News

posted on 22 February 2008 09:45

---

Princeton University researchers have demonstrated the reading of sensitive information from computer memory that has been switched off. This compromises the security of Trusted Computing hardware systems and opens their supposed security reliability to doubt.

In a published paper Princeton’s Center for Information Technology Policy group write: "Most experts assume that a computer’s memory is erased almost immediately when it loses power, or that whatever data remains is difficult to retrieve without specialized equipment. We show that these assumptions are incorrect. Ordinary DRAMs typically lose their contents gradually over a period of seconds, even at standard operating temperatures and even if the chips are removed from the motherboard, and data will persist for minutes or even hours if the chips are kept at low temperatures. Residual data can be recovered using simple, nondestructive techniques that require only momentary physical access to the machine."

A spray can of cold air can be used to preserve DRAM data for a few seconds after switch off. Putting the chips in liquid nitrogen will preserve the data for hours.

When the DRAM holds encryption keys to data held on disk then the entire security of encrypted systems can be compromised. These keys can be recognised by pattern-recognition software.
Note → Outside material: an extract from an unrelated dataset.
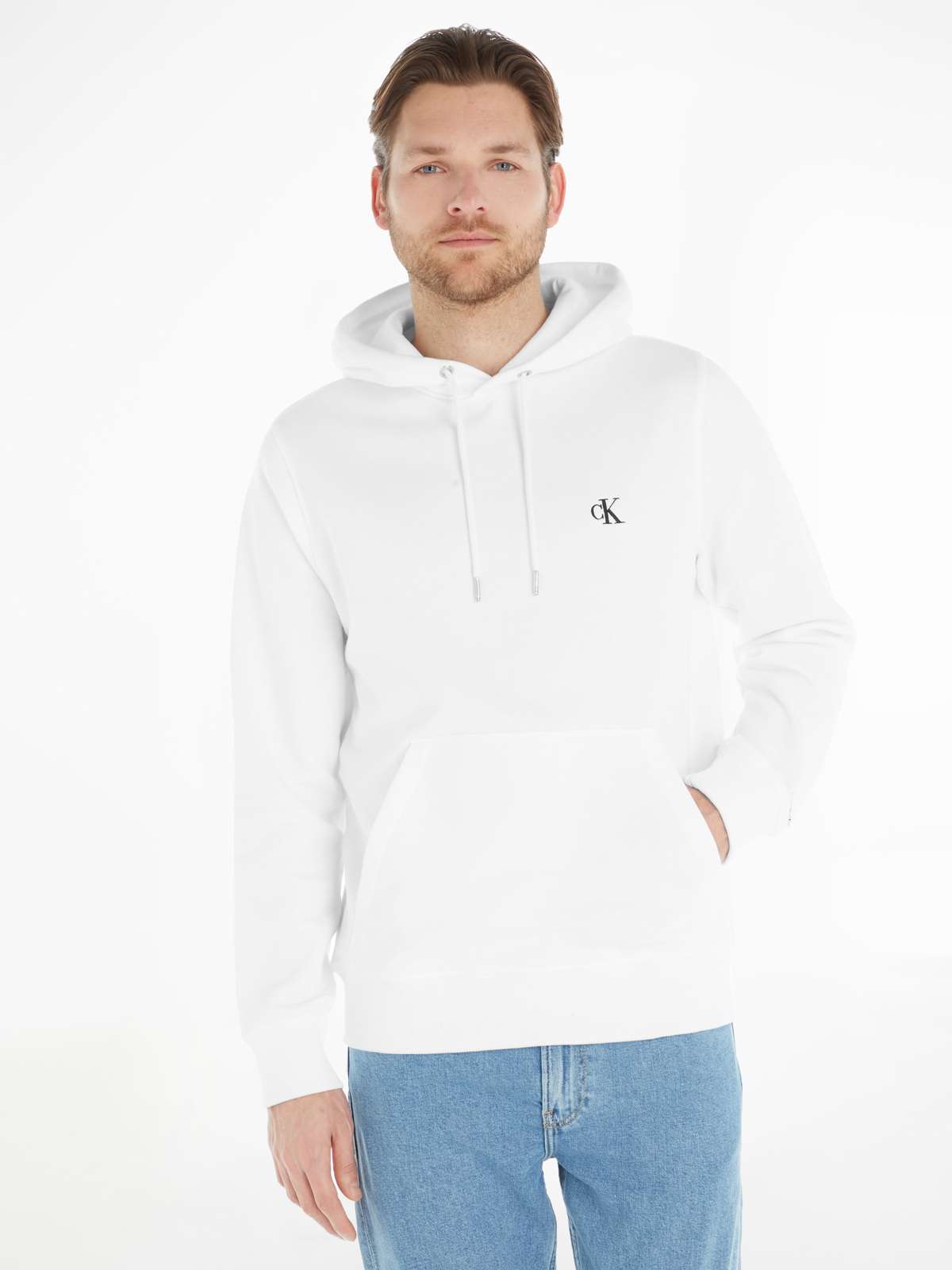 Толстовка с капюшоном CK ESSENTIAL HOODIE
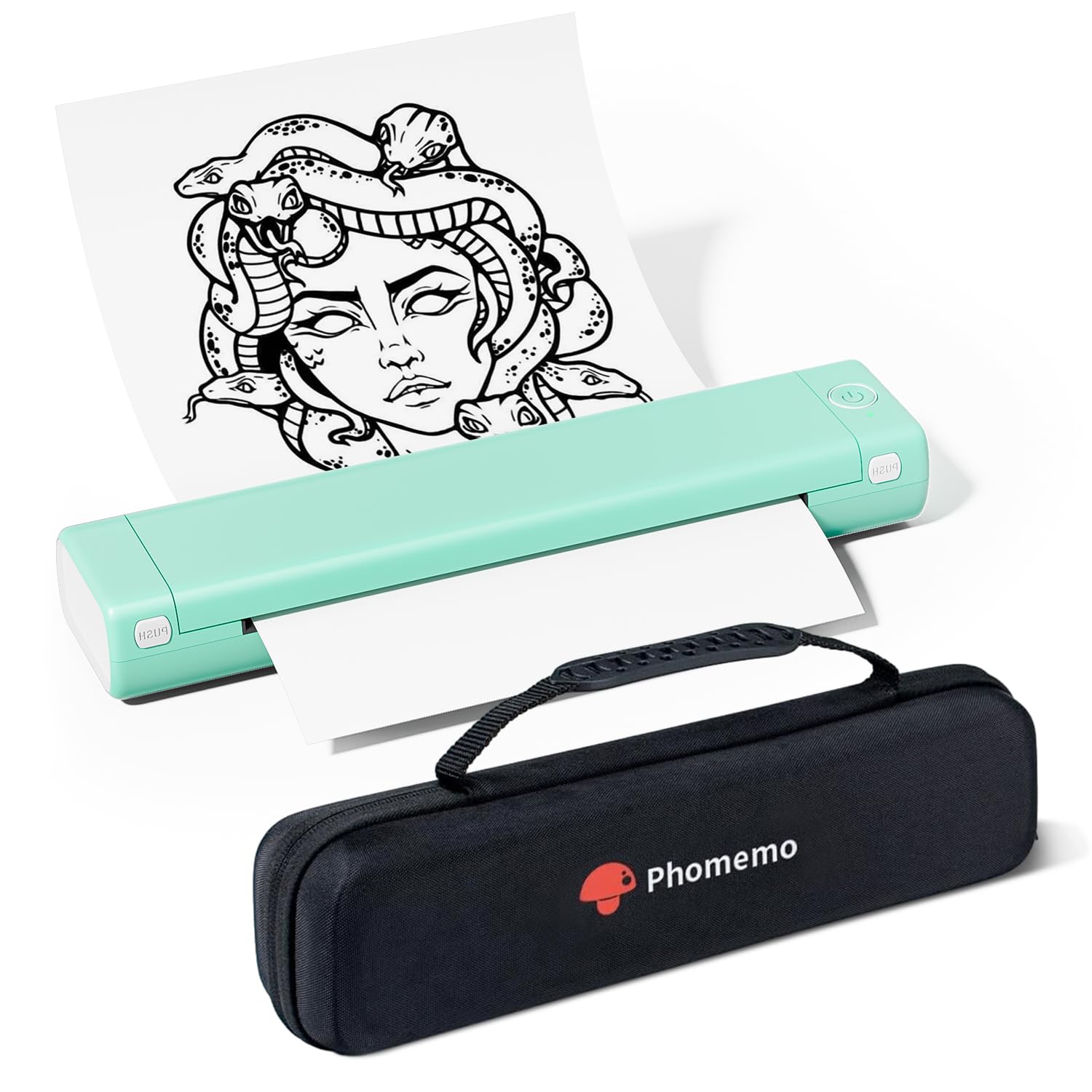 Phomemo Portable Wireless Bluetooth Printer for Travel - Compact Thermal Printer Compatible with iOS & Android, Supports 8.5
The researchers successfully read encrypted information, using special utility software, from Apple, Microsoft and Linux systems.

Apple's FileVault is a disk encryption function of Mac OS X. BitLocker is a file encryption function in Vista. Both functions hold the encryption keys in memory in unencrypted form.

It looks as if additional hardware security is going to be needed, such as a DRAM flush process at computer switch-off.

Both Apple and Microsoft have additional hardware protection available or being investigated.